At the Central Economic Work Conference last Friday, China’s top leaders vowed to prioritise economic stability in 2022, fuelling hopes for more stimulus to aid a slowing Chinese economy. Economists now predict that China will start adding fiscal stimulus in early 2022. 
 
While curbs on the property industry are expected to remain, there could be fewer regulatory surprises compared with sudden moves in 2021 to rein in sectors from technology to education and entertainment, according to Bloomberg.

Chinese stocks to benefit from China’s 2022 priority? 

The Central Economic Work Conference is a key meeting that outlines the country’s top economic policy priorities for 2022.  At the end of their three-day annual conference last Friday, the Communist Party’s top decision makers said the top priority for next year is “ensuring stability.” They have strongly emphasized on economic “stability” – referring to the term 25 times – to address various challenges over the next year ranging from shrinking demand and supply crunch to downward pressure on economic growth.

According to Reuters, China will cut tax and fees, front-load infrastructure investment, and step up cross-cyclical policy adjustments next year to keep growth within a reasonable range, senior policymakers said in a statement after holding the annual Central Economic Work Conference from Dec. 8-10. 

For most of 2021, Chinese policy had been focused on curbing financial risks and reducing debt in the economy, and developer China Evergrande Group last week became the largest casualty of President Xi Jinping’s campaign to tame over-leveraged conglomerates and the overheated property market.

Chinese developers’ default risks a major headwind

Chinese stocks however, may face headwinds from the ongoing defaults from Chinese developers, who have now defaulted on a total of US$11.8 billion of offshore bonds this year. Some of the largest defaults have com efromproperty developers China Evergrande Group and Kaisa Group. 

Collectively, onshore Chinese corporate bond defaults have reached a record US$28.7billion including 39 private and 99 public offerings.

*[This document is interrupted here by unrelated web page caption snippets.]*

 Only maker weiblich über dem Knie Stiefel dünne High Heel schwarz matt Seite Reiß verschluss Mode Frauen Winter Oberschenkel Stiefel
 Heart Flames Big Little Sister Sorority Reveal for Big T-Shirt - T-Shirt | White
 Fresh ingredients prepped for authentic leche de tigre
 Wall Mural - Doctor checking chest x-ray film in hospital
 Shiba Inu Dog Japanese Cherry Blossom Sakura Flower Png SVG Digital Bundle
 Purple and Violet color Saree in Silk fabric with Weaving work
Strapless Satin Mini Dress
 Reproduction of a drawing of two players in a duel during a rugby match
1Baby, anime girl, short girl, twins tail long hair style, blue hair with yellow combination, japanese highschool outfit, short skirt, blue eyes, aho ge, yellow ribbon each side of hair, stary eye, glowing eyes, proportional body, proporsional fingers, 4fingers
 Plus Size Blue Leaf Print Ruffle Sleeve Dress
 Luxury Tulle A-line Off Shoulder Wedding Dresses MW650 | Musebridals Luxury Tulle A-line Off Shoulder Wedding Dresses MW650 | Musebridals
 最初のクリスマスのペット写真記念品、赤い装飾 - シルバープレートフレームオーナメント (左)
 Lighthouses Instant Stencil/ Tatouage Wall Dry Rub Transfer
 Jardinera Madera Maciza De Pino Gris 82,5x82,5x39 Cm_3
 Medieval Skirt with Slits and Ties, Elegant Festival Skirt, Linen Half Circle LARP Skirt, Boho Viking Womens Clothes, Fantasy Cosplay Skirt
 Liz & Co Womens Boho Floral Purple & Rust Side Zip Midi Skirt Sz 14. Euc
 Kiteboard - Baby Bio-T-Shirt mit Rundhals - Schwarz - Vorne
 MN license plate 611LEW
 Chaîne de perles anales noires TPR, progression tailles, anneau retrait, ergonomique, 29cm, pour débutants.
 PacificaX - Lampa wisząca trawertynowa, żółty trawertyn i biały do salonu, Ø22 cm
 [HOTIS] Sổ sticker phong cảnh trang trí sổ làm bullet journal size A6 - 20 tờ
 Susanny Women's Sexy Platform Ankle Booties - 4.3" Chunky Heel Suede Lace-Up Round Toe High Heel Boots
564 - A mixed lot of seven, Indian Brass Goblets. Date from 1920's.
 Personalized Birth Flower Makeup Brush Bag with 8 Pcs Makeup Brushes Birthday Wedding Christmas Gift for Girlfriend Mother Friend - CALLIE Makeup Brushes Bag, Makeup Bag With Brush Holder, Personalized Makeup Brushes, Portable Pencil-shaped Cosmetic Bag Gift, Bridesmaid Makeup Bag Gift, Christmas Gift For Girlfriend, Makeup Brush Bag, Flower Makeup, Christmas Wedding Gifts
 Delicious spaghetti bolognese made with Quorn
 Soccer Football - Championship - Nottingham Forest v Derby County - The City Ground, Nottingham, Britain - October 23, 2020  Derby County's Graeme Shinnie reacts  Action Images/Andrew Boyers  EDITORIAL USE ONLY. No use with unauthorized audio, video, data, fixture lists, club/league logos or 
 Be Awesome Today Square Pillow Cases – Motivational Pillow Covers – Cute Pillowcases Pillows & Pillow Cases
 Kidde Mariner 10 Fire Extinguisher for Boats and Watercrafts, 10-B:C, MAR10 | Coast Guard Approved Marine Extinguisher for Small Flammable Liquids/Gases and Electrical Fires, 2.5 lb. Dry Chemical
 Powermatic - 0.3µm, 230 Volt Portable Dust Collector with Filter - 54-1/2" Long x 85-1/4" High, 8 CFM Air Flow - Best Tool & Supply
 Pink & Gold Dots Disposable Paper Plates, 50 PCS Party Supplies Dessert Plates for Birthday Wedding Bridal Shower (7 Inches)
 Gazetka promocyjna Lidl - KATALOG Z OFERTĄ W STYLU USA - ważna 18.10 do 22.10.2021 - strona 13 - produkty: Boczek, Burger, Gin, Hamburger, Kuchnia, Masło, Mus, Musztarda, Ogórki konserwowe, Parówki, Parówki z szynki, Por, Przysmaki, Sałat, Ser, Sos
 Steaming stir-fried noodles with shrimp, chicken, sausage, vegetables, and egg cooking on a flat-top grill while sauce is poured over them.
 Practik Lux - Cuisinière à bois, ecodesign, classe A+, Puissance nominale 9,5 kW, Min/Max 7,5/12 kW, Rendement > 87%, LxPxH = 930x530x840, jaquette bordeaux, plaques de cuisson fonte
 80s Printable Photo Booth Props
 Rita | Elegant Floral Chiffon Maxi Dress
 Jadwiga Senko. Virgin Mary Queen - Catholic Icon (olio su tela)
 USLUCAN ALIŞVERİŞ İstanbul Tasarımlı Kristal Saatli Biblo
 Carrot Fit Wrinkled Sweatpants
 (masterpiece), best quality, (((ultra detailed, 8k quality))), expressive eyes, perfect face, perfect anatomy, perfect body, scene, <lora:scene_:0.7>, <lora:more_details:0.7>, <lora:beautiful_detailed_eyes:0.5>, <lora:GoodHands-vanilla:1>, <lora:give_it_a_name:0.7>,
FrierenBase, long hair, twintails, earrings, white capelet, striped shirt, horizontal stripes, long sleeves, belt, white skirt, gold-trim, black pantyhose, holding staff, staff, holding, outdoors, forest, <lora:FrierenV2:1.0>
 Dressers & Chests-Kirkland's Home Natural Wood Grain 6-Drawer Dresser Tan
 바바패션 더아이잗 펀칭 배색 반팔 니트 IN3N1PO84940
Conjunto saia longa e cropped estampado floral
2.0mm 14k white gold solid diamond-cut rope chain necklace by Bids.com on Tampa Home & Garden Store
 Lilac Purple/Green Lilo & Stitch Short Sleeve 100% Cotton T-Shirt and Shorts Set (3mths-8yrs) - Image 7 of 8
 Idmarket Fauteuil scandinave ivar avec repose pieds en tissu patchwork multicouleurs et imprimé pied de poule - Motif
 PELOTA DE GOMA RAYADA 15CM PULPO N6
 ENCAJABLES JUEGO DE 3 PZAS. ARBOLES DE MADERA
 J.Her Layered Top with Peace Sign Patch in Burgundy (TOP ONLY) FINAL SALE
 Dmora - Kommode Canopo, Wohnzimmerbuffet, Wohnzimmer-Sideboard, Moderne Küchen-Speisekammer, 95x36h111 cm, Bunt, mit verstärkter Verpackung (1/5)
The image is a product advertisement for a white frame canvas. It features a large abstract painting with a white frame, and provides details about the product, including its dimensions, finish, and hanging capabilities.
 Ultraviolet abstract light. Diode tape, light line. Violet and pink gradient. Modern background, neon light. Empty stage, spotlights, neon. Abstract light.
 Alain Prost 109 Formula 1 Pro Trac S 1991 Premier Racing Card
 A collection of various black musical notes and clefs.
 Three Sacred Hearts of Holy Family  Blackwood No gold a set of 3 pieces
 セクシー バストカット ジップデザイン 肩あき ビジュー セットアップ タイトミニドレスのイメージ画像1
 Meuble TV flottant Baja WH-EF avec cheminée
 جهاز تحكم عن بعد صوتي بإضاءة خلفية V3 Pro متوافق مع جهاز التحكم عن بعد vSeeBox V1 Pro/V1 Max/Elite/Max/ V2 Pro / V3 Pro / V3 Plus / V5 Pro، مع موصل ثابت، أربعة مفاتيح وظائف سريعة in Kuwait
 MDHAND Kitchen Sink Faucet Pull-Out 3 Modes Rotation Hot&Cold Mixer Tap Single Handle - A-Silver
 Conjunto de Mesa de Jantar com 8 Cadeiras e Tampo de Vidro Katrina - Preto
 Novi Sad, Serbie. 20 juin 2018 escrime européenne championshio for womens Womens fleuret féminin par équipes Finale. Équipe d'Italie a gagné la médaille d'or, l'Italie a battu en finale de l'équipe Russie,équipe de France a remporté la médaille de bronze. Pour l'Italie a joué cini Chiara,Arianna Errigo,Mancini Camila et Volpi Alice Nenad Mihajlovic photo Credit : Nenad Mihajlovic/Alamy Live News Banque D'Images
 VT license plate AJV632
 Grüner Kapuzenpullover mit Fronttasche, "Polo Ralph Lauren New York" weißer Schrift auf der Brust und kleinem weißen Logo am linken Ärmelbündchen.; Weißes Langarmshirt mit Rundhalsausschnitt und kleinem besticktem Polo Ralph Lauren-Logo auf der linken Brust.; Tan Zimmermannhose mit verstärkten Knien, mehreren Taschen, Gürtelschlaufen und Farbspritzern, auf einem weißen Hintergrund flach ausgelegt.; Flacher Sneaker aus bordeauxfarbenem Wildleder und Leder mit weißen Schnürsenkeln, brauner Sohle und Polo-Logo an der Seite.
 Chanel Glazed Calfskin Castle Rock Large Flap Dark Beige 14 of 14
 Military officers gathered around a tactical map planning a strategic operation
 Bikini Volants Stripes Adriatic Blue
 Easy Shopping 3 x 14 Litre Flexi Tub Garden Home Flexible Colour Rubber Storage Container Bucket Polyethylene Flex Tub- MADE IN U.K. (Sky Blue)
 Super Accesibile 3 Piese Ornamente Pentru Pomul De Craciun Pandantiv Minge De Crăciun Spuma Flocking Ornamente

The latest default risk comes from Shimao – China’s 13th biggest developer by contracted sales and among the largest property debt issuers with about US$10.1 billion in outstanding local and offshore bonds. 

A bond issued by one of Shimao’s local units suffered the largest haircut in China’s exchange-traded repo market last week, according to Bloomberg-compiled data. Borrowers putting up a Shanghai Shimao Jianshe Co. note due 2025 for collateral get just 35% of the note’s face value as cash, down from 50% the prior week.

A major price collapse or the downfall of Shimao will cause a lapse in confidence in cross-over investment grade names in China property and could be a headwind for the HSI.